The apparent superiority of SD is not as clearly settled as is usually portrayed in texts (see above). For example, the subsequent work of Tukey (1960) and others suggests that Eddington had been right, and Fisher unrealistic in at least one respect. Fisher’s calculations of the relative efficiency of SD and MD depend on there being no errors at all in the observations. But for normal distributions with small contaminations in the data, ‘the relative advantage of the sample standard deviation over the mean deviation which holds in the uncontaminated situation is dramatically reversed’ (Barnett and Lewis 1978, p.159). An error element as small as 0.2% (i.e. 2 error points in 1000 observations) completely reverses the advantage of SD over MD (Huber 1981). So MD is actually more efficient in all life-like situations where small errors will occur in observation and measurement (being over twice as efficient as SD when the error element is 5%, for example). ‘In practice we should certainly prefer dn [i.e. MD] to sn [i.e. SD]’ (Huber 1981, p.3).

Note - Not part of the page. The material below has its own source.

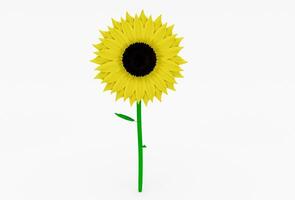 schöne Sonnenblume 3D-Illustration minimale Wiedergabe auf weißem Hintergrund. foto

The assumptions underlying statistical inference are only mathematical conveniences, and are usually defended in practice by a further assumption, presented without an explicit argument, that minor initial errors should lead to only minor errors in conclusions. This is clearly not the case (see Gorard 2003b). ‘Some of the most common statistical procedures (in particular those optimized for an underlying normal distribution) are excessively sensitive to seemingly minor deviations from the assumptions’ (Huber 1981, p.1). The difference between Fisher and Eddington is related to the difference between mathematics and science. The first is concerned with the Platonic world of perfect distributions and ideal measurements. Perhaps agriculture, where Fisher worked and where vegetative reproduction of cases is possible, is one of the fields that most closely approximates this world. The second is concerned with the Aristotelian world of empirical research. Astronomy, where Eddington worked and where the potential errors in calculated distances are substantial, highlights the importance of tracking the propagation of measurement errors. The imperfect measurements that we use in social research are more like those from the largely non-experimental astronomy than those from agriculture.
Another important, but too often overlooked, assumption underlying the purported superiority of SD is that it involves working with samples selected randomly from a fixed population (this is how its efficiency is calculated). However, there is a range of analytical situations where this is not so, such as when working with population figures, or with a non-probability sample, or even a probability sample with considerable non-response. In all of these situations it is perfectly proper to calculate the variation in the figures involved, but without attempting to estimate a population SD. Therefore, in what are perhaps the majority of situations faced by practising social scientists, the supposed advantage of SD simply does not exist.
In addition, some statisticians are forced by their advocacy of particular methods to assume that the data they work with are actually taken from an infinitely large super-population. For example, Camilli quotes Goldstein as arguing that statisticians are not really interested in generalising from a sample to a specified population but to an idealised super-population spanning space and time. Goldstein claims that ‘social statisticians are pretty much forced to adopt the notion of a "superpopulation" when attempting to generalise the results of an analysis’ (Camilli 1996, p,7). There is insufficient space here to contest this peculiar position in full (see Gorard 2004)6, but it is clear that if a super-population is involved then its variance is infinite (Fama 1963), in which case the purported greater efficiency of SD is impossible to establish. An analyst cannot use a super-population and argue the efficiency of the standard deviation at the same time.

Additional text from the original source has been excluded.